Nucleolar reorganization in cells of the kidney of the rat and its relation to aging.

作者信息

Adamstone F B, Taylor A B

出版信息

J Morphol. 1977 Dec;154(3):459-77. doi: 10.1002/jmor.1051540306.

DOI:10.1002/jmor.1051540306
PMID:592409
Abstract

A process of nucleolar reorganization apparently identical to that encountered in intestinal epithelial cells (Adamstone and Taylor, '72) develops in kidney cells of aging rats. The polymorphic nucleoli of young tubule cells soon change to amphinucloeli and, while terminal nucleolar reorganization is delayed in cells of collecting tubules, in the nephrons nucleoli soon begin to undergo terminal reorganization becoming bipartite structures with separate plasmosomes and karyosomes. This suggests disruption of the DNA-dependent RNA protein transcription system and failure to maintain the flow of messenger RNA into the cytoplasm. Old cells are not discarded immediately from the kidney tubules and they retain much rough endoplasmic reticulum, numerous ribosomes and polysomes and large plasmosomes. Thus a high RNA concentration is known to develop in old kidney tissue while protein synthesis is also known to be low (Kanungo et al., '70; Buetow and Ghandi, '73). Nucleolar counts show gradual increase in bipartite nucleoli at the expense of amphinucleoli and in the senescent kidney bipartite nucleoli predominate. It is suggested that nucleolar reorganization, with final separation of plasmosomes and karyosomes, includes the process of nucleolar segregation and is triggered by some innate nucleolar mechanism in response to encoded genetic information stored in the nucleolus during nucleogenesis. At this time both DNA and RNA are incorporated into the developing nucleolus. It is also to be noted that two shifts in nucleolar dominance occur with advancing age. These may be fundamental to the process of aging and to the onset of senescence. Furthermore, the changes in dominant nucleolar types are the direct result of the process of nucleolar reorganization.

摘要

在衰老大鼠的肾细胞中,出现了一个核仁重组过程,该过程显然与在肠上皮细胞中观察到的过程相同(Adamstone和Taylor,1972年)。
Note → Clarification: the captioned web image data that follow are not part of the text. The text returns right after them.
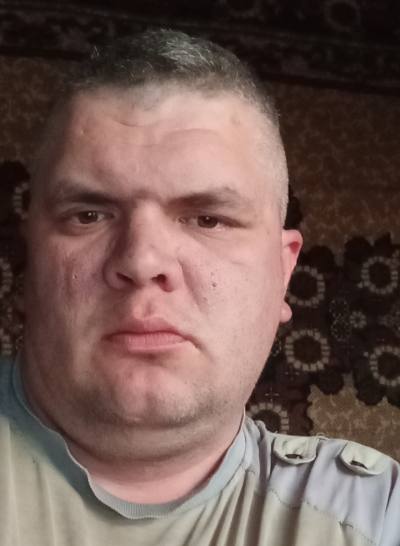 олег 32 лет Лесозаводск  Россия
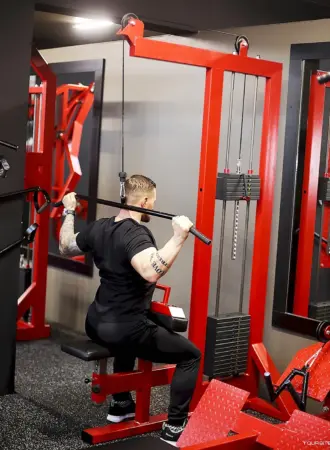 Pulldown Machine тренажер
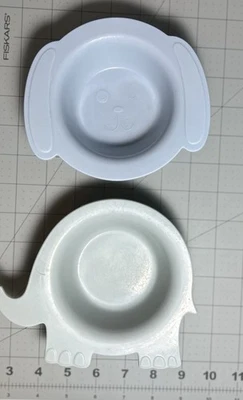 Juego de 2 cuencos PBK Pottery Barn niños silicona elefante y cachorro aptos para lavavajillas Foto 1 de 4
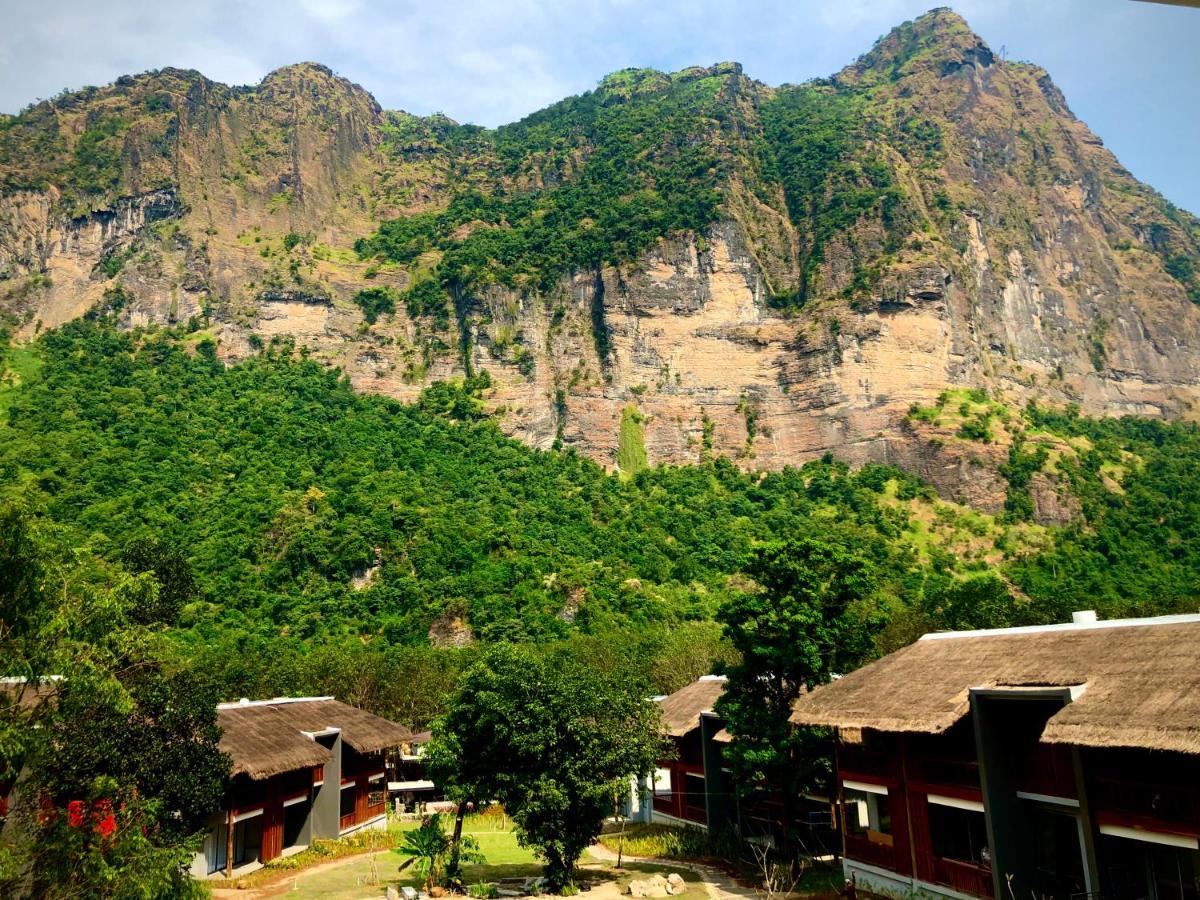 Zwekapin Valley & Hpa-an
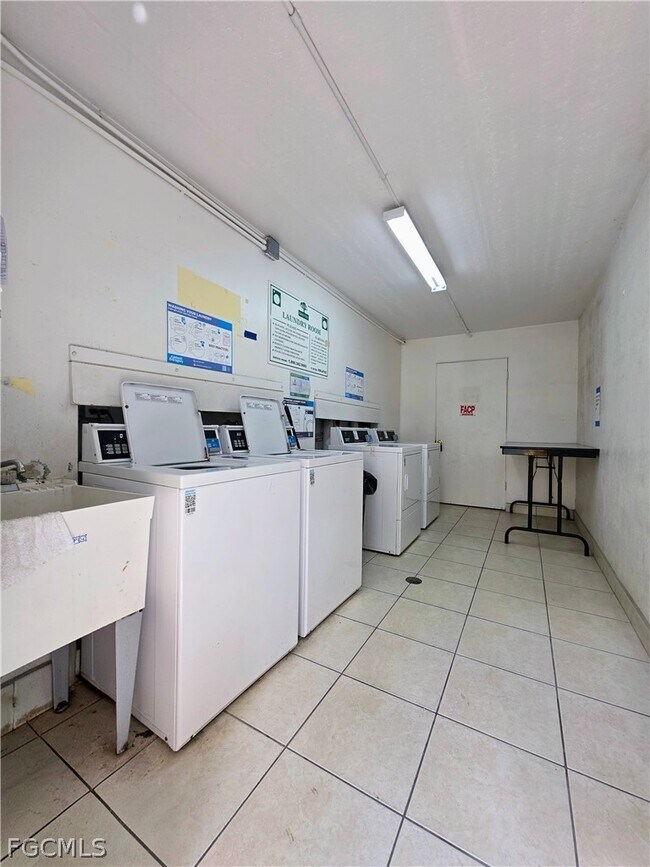 Building Photo - 1830 Maravilla Ave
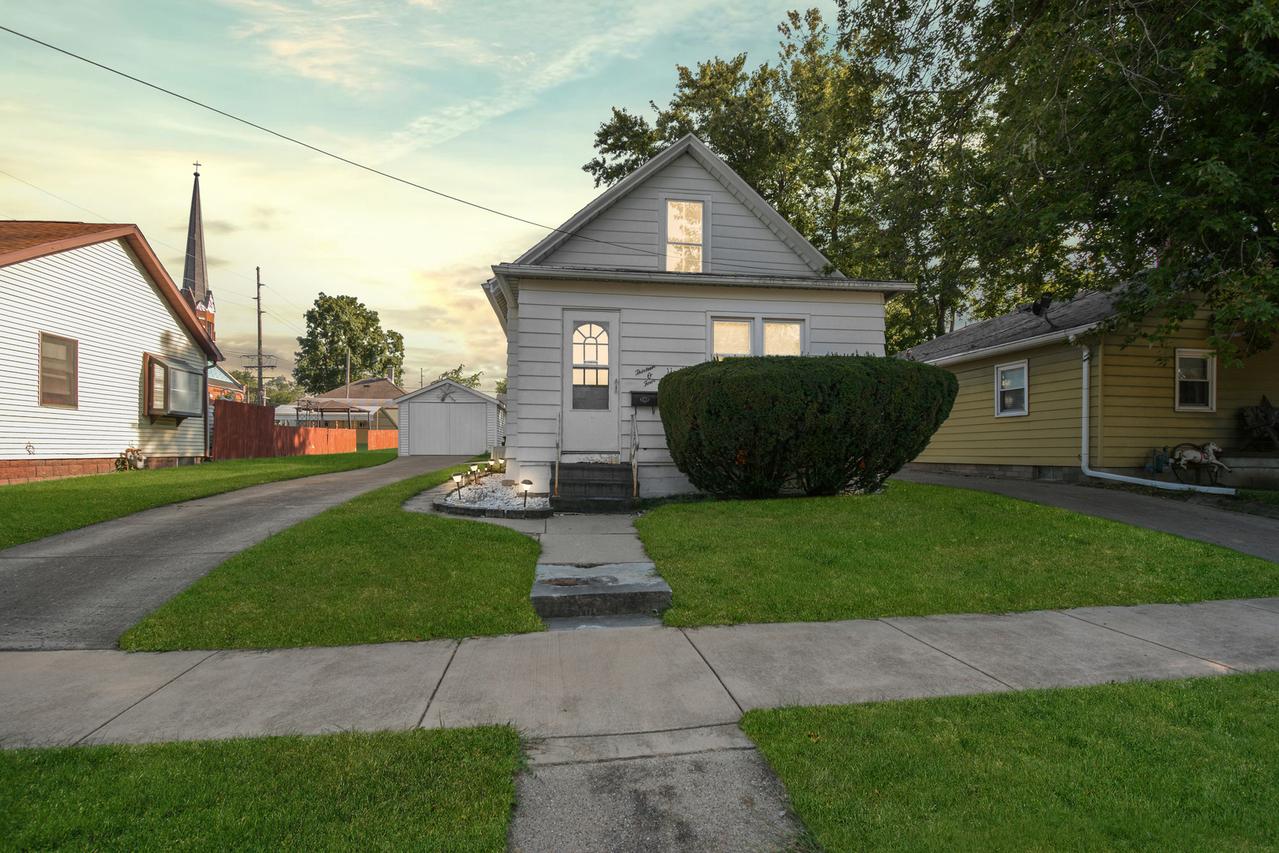 1304 W Chestnut St., Bloomington, IL 61701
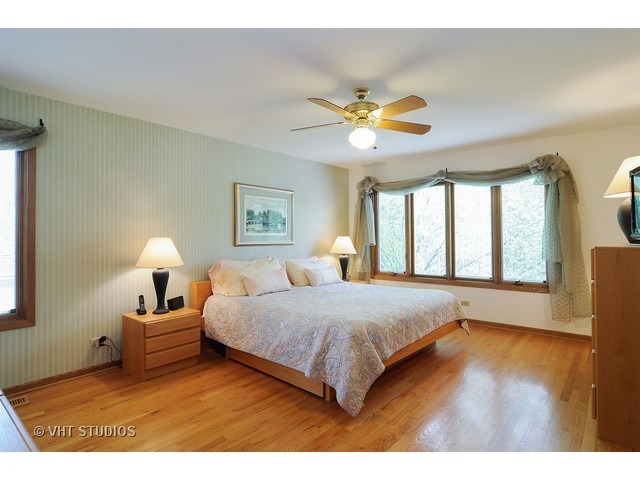 5703 Michael Ct, Rolling Meadows, IL 60008 photo 14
年轻肾小管细胞的多形核仁很快转变为双泡核仁,虽然集合管细胞中的终末核仁重组延迟,但在肾单位中,核仁很快开始进行终末重组,成为具有独立染色质体和核小体的二分结构。这表明依赖DNA的RNA蛋白质转录系统受到破坏,且无法维持信使RNA向细胞质的流动。衰老细胞不会立即从肾小管中被清除,它们保留了大量粗面内质网、众多核糖体和多核糖体以及大的染色质体。因此,已知衰老肾组织中RNA浓度较高,而蛋白质合成也较低(Kanungo等人,1970年;Buetow和Ghandi,1973年)。核仁计数显示,二分核仁逐渐增加,以双泡核仁为代价,在衰老肾脏中,二分核仁占主导。有人认为,核仁重组,最终染色质体和核小体分离,包括核仁分离过程,是由某种先天的核仁机制触发的,以响应核仁形成过程中存储在核仁中的编码遗传信息。此时,DNA和RNA都被整合到发育中的核仁中。还应注意的是,随着年龄的增长,核仁优势发生了两次转变。这些可能是衰老过程和衰老开始的基础。此外,占主导地位的核仁类型的变化是核仁重组过程的直接结果。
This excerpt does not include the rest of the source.